Das deutlichste Unterscheidungsmerkmal liegt wohl im Milchschaum. Während der Cappuccino einen tiefen recht festen Schaum aufweist, welcher sich gerne über die Tasse hebt, kommt beim Flat White ein cremigerer, feinporiger und dünnerer Milchschaum obenauf, welcher im Idealfall gerade mit der Tasse abschließt.
Die Zubereitung
Wollen sie nun selbst einen Flat White zubereiten, empfiehlt sich der Mahlgrad fein, um das Aroma des Flat White zu verbessern. So kommen bei einem Flat White auf 30ml Espresso circa 140ml Milch. Die Milch ist bis circa 60 Grad Celsius zu erwärmen und dann in den Kaffee zu geben.

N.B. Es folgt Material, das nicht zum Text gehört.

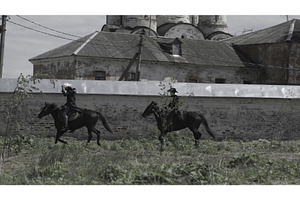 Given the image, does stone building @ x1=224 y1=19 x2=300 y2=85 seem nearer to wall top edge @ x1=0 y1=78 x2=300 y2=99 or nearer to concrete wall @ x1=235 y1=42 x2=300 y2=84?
concrete wall @ x1=235 y1=42 x2=300 y2=84

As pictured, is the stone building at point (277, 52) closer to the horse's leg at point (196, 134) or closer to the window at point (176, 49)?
the window at point (176, 49)

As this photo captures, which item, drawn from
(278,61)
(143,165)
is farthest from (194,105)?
(278,61)

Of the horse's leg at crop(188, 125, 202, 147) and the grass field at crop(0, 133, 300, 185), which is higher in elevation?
the horse's leg at crop(188, 125, 202, 147)

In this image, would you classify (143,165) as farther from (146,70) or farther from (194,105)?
(146,70)

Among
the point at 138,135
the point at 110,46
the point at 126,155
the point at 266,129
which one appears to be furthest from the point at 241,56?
the point at 126,155

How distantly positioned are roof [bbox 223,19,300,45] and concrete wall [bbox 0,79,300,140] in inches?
429

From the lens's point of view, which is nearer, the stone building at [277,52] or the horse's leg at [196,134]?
the horse's leg at [196,134]

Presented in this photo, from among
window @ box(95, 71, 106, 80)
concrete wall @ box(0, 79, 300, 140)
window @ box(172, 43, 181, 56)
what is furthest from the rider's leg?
window @ box(172, 43, 181, 56)

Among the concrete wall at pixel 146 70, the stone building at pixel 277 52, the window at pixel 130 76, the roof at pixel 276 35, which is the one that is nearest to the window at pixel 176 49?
the concrete wall at pixel 146 70

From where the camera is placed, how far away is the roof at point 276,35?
27.6 meters

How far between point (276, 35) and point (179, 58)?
672 centimetres

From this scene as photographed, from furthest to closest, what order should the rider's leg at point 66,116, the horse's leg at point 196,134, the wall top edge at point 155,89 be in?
the wall top edge at point 155,89
the horse's leg at point 196,134
the rider's leg at point 66,116

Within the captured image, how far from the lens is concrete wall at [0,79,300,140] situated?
1592 cm

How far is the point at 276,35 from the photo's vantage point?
94.0ft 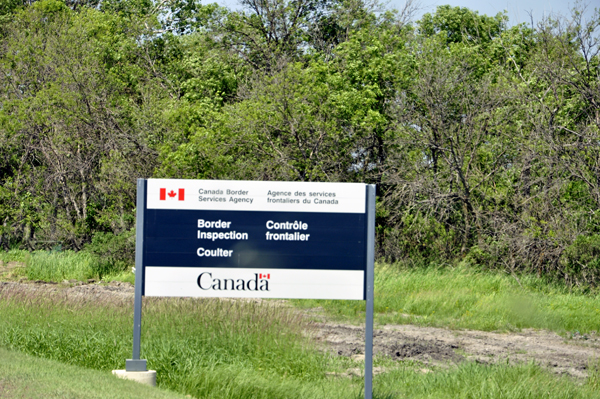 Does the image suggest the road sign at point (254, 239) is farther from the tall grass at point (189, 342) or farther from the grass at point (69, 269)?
the grass at point (69, 269)

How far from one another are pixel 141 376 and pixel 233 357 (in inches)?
73.2

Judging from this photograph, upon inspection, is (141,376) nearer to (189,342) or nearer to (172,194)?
(172,194)

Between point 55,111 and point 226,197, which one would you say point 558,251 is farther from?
point 55,111

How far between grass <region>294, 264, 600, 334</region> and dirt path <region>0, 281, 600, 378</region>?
22.1 inches

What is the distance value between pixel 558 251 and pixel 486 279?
1.90 m

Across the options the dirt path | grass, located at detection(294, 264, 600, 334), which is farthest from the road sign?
Answer: grass, located at detection(294, 264, 600, 334)

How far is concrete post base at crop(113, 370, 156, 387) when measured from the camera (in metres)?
6.84

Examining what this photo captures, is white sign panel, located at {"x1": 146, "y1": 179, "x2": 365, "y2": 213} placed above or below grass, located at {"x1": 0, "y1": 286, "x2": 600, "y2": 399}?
above

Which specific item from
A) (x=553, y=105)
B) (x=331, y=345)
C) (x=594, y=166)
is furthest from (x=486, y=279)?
(x=331, y=345)

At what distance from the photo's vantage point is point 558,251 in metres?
17.7

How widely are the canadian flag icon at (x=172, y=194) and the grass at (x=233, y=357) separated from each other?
1882 mm

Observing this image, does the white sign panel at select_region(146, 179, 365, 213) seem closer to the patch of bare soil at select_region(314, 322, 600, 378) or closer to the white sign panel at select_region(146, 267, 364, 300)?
the white sign panel at select_region(146, 267, 364, 300)

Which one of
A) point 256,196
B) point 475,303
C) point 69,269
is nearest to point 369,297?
point 256,196

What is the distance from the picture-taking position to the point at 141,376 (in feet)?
22.6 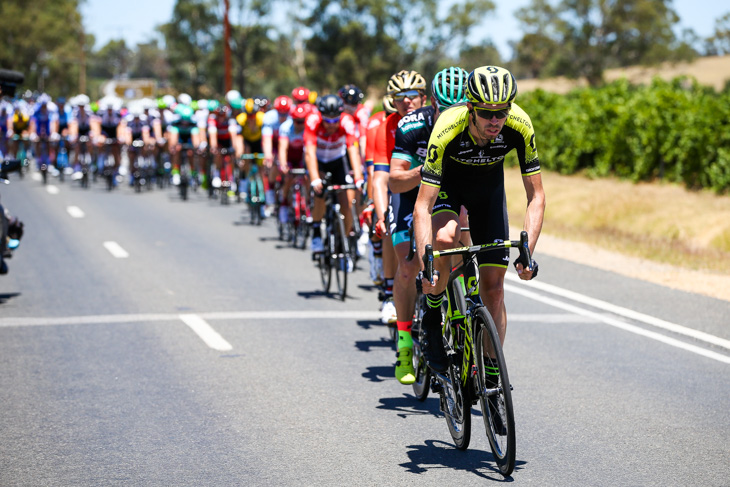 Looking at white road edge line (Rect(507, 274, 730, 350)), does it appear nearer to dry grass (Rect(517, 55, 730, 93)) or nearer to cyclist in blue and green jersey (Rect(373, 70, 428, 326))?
cyclist in blue and green jersey (Rect(373, 70, 428, 326))

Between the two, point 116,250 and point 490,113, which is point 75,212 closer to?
point 116,250

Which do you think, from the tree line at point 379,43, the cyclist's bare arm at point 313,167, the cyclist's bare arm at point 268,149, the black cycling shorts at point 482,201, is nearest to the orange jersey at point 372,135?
the cyclist's bare arm at point 313,167

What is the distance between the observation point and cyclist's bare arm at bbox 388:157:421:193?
6.35 meters

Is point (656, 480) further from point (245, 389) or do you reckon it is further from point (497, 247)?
point (245, 389)

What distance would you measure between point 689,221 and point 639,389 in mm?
9890

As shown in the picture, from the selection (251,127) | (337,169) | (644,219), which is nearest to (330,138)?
(337,169)

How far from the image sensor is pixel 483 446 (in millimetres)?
5609

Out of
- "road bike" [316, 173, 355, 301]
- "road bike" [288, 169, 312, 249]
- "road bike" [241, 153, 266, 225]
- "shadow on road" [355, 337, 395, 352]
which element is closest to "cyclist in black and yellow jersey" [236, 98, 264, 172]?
"road bike" [241, 153, 266, 225]

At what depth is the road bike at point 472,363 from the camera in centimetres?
484

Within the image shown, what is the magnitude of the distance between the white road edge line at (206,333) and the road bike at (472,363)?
2.90 metres

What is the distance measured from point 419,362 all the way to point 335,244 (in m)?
4.32

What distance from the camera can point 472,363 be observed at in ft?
16.8

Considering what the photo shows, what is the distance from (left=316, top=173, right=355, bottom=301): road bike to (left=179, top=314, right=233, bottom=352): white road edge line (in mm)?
1720

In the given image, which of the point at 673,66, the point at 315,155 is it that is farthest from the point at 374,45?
the point at 315,155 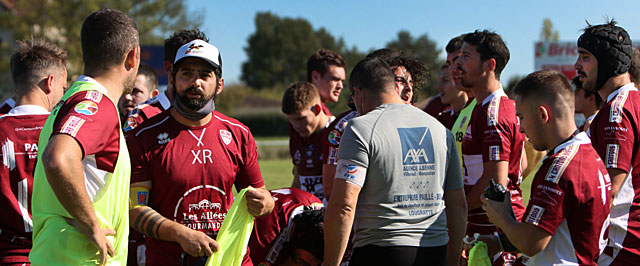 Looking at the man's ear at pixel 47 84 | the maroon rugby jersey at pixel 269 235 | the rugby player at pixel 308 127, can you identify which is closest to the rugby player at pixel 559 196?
the maroon rugby jersey at pixel 269 235

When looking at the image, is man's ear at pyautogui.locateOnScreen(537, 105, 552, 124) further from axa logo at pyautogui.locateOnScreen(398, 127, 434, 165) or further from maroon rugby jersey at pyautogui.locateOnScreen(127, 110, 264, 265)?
maroon rugby jersey at pyautogui.locateOnScreen(127, 110, 264, 265)

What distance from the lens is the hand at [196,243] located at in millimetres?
3660

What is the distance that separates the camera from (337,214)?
3.66 m

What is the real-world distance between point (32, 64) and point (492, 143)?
366cm

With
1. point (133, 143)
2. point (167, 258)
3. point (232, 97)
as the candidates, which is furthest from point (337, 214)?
point (232, 97)

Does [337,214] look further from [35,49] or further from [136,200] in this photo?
[35,49]

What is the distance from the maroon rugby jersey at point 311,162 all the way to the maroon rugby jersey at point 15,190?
2.96 metres

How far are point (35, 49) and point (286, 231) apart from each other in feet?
8.09

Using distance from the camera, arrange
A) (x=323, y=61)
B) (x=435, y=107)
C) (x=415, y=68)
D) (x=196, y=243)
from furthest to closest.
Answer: (x=435, y=107), (x=323, y=61), (x=415, y=68), (x=196, y=243)

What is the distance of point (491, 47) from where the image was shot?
525 cm

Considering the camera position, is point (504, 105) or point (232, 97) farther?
point (232, 97)

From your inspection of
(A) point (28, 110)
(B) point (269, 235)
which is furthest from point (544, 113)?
(A) point (28, 110)

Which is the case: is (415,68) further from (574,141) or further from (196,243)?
(196,243)

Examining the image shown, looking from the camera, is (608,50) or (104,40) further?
(608,50) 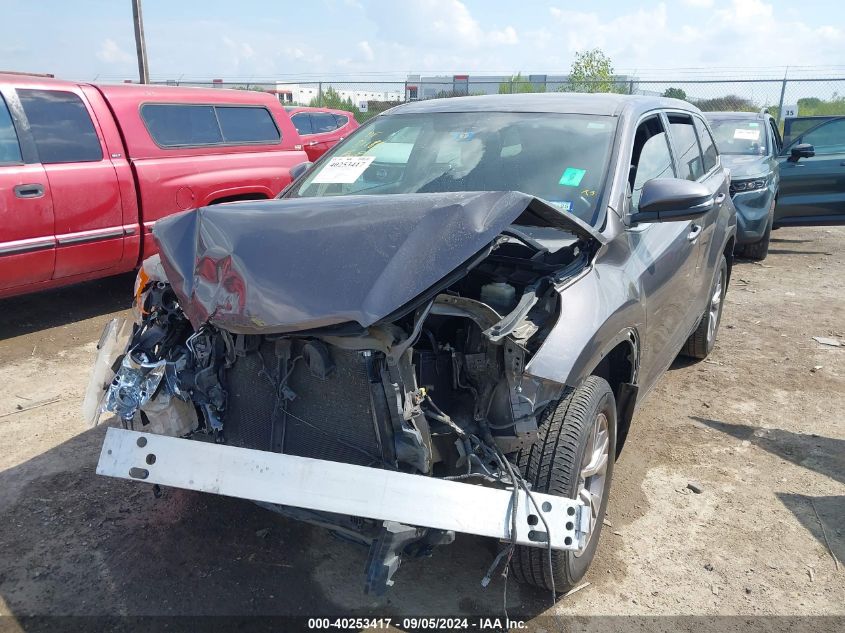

Obenauf kommt danach noch der Milchschaum. Dieser ist am einfachsten mit einer Dampflanze zuzubereiten. Die Technik mag hier kompliziert erscheinen, orientiert sich aber stark am Cappuccino. Der wesentliche Unterschied besteht darin, dass beim Flat White eine geringere Ziehzeit einzuhalten ist als beim Cappuccino. Hierdurch wird der Milchschaum schön cremig und nicht so steif wie beim Cappuccino.
Die Kunst der Latte Art
Am Ende verziert man den Kaffee mit Latte Art. Mit etwas Geschick kann man so richtige Kunstwerke in den Kaffee zaubern. Diese sehen natürlich schön aus, und sorgen gleich für einen etwas höheren Genussfaktor, gerade wenn sie den Flat White servieren. Daher lohnt es sich, falls man es mit dem Kaffeegenuss etwas ernsthafter angehen möchte, ein wenig Zeit in gute Latte Art zu investieren, so wirkt der gebraute Kaffee gleich professioneller und bekommt eine wertigere Note, wenn sie ihn Gästen servieren.
Da man Flat White typischerweise in einer breiten, bauchigen Tasse serviert, haben sie hier sogar besonders viel Platz um sich künstlerisch ausleben zu können. Ihrer Kreativität sind dabei keine Grenzen gesetzt.
Allgemein heißt es bei der Kaffeezubereitung immer etwas herumexperimentieren.
Versuchen sie sich einfach so lange an Espresso- beziehungsweise Milchmengen bis sie das für sich perfekte Mischverhältnis herausgefunden haben. Gerade das zubereiten des Milchschaumes auf den Punkt kann am Anfang Probleme bereiten, geht aber nach einiger Zeit gut von der Hand. Auch hier macht Übung den Meister. So hat jeder am Ende sein eigenes Rezept für einen Flat White, weswegen auch dieser nie gleich schmeckt. Werden Sie ruhig erfinderisch, der Genuss einer perfekt abgestimmten Tasse ist es am Ende auf jeden Fall wert. Außerdem können Sie so ganz leicht eine neue Kaffeeart in ihr Repertoire aufnehmen, mit dem sie Freunde und Gäste gleichermaßen beeindrucken können.